REGGIO CALABRIA Ogni cittadino della ricca Lombardia paga 5 centesimi all’anno per “mantenere” i gruppi dei partiti presenti in consiglio regionale. Ogni cittadino della povera Calabria arriva invece a spendere un euro per garantire fondi e rappresentanza a tutti gli eletti. Basterebbe questo paragone per prendere coscienza della schizofrenia di un sistema di finanziamento che, negli anni, ha fatto registrare più e più scandali. Il caso di “Batman Fiorito” in Lazio ha come scoperchiato un vaso di Pandora dal quale sono fuoriusciti scandali assortiti e privilegi di casta insopportabili. La Rimborsopoli calabrese – che ha portato all’iscrizione nel registro degli indagati di diversi consiglieri regionali – non ha però prodotto una virata nel segno di una maggiore austerità e di un accresciuto controllo sui fondi a disposizione dei vari gruppi politici. I dati messi in fila nell’ultima indagine del blog Openpolis mettono in luce asimmetrie difficilmente spiegabili. La Lombardia è la regione che spende meno per i suoi gruppi, seguita da Toscana 7 centesimi), Puglia (8), Veneto (14) e Marche (18). Spese risibili se messe a confronto con quelle della Calabria, dove ogni abitante contribuisce al funzionamento dei gruppi con 98 centesimi. E non è nemmeno il dato più controverso, se si pensa che nel piccolo Molise il costo sale fino a 3,61 euro a cittadino, record nazionale. Peggio della Calabria fanno anche Sicilia (1,11), Liguria (1,73), Trentino Alto Adige (2,40) e Sardegna (2,57 – dato relativo al 2012). (Sotto la mappa completa elaborata da Openpolis).
LE SPESE Secondo i calcoli di Openpolis, riferiti al 2014, i Consigli di tutte le regioni italiane stanziano ogni anno più di 30 milioni di euro per finanziare l’attività dei gruppi. Ma a cosa servono questi soldi?

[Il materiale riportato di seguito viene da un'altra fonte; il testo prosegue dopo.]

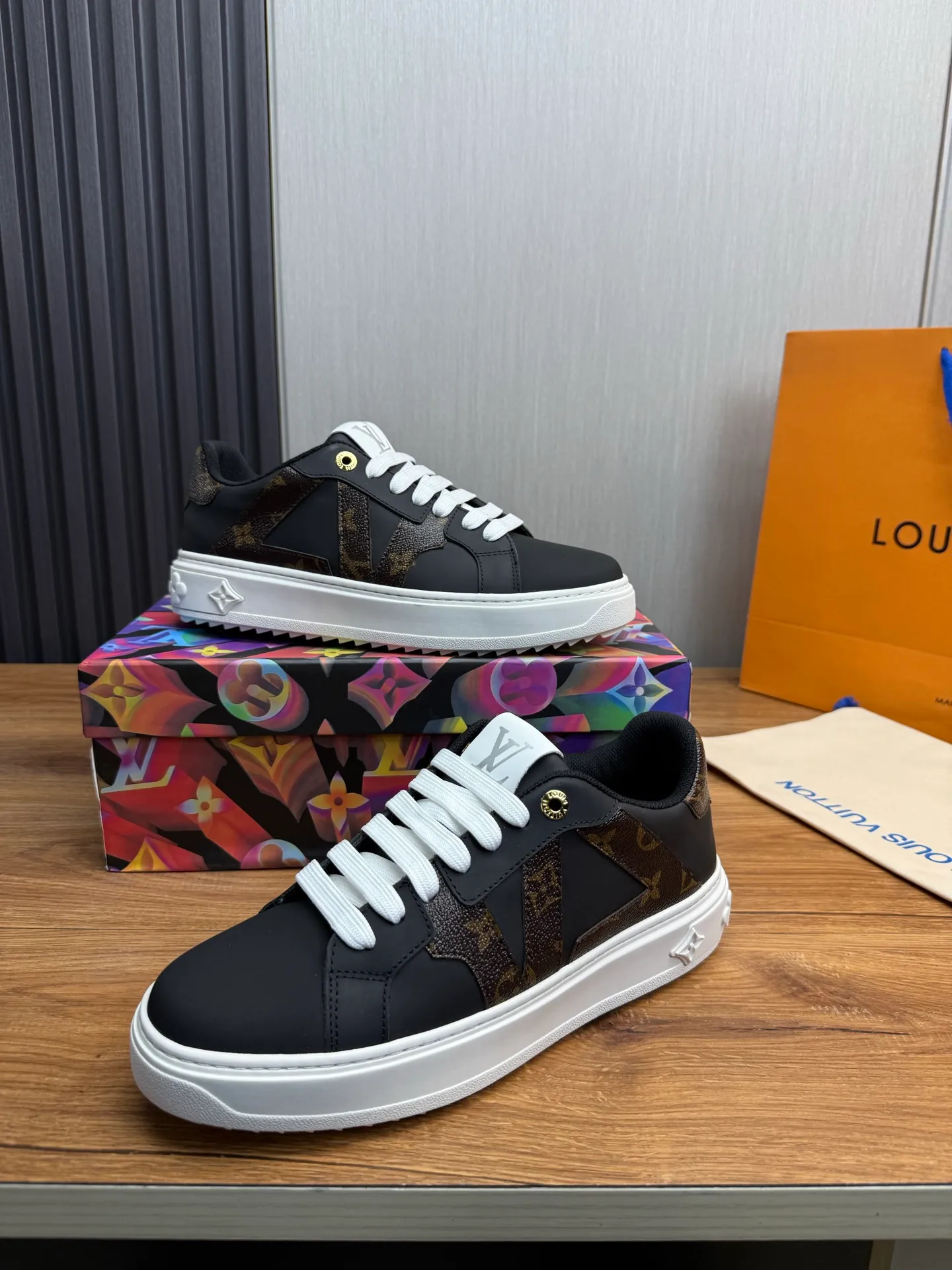 Men's shoes 💰520💰 LOUIS VUITTON [Luden Yiwei] The new trendy Lv is on the market 🎁, casual and fashionable men's shoes 👟 The upper is made of imported silk cowhide + cowhide mesh lining, the original wear-resistant rubber outsole, the version is simple and elegant, exclusive for trendy men. 38-44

Possono essere usati per pagare il personale, per consulenze finalizzate alla elaborazione di proposte di legge, per l’acquisto di spazi pubblicitari e l’organizzazione di (piuttosto imprecisati) eventi politici. Voci che, sommate, riportano a una cifra ragguardevole: ogni consigliere italiano, in media, dispone di un fondo che sfiora i 40mila euro all’anno. Soldi che, in Calabria, volentieri vengono usati per ampliare il bacino dei collaboratori o portaborse, nel quale non di rado trovano un “impiego” regolarmente retribuito clientes e grandi elettori, amici e “parenti di”, spesso senza che abbiano alcun requisito professionale che giustifichi un incarico di quel tipo.
IL PD E GLI ALTRI D’altronde i controlli sono quasi inesistenti e la trasparenza, di fatto, non esiste. Il Corriere della Calabria, nelle scorse settimane, ha diffuso l’elenco dei collaboratori che, nel 2015, hanno lavorato nel gruppo del Pd. Un piccolo esercito di 44 collaboratori a progetto, nella maggior parte dei casi “pescati” negli ambienti vicini ai vari consiglieri. È verosimile che anche le altre formazioni presenti a Palazzo Campanella abbiano fatto largo ricorso a questi fondi per allargare i propri staff, con i nomi dei componenti che rimangono ancora top secret.
LA RIFORMA Le cose potrebbero cambiare presto. «La riforma Renzi-Boschi, se approvata nel referendum in autunno – ricorda Openpolis –, prevede l’abolizione dei contributi ai gruppi politici nei consigli regionali». Non sarebbe l’unica novità: anche gli stipendi dei consiglieri subirebbero una netta sforbiciata e dovrebbero attestarsi entro il tetto massimo dello “stipendio” percepito dal sindaco di Catanzaro, il capoluogo di regione.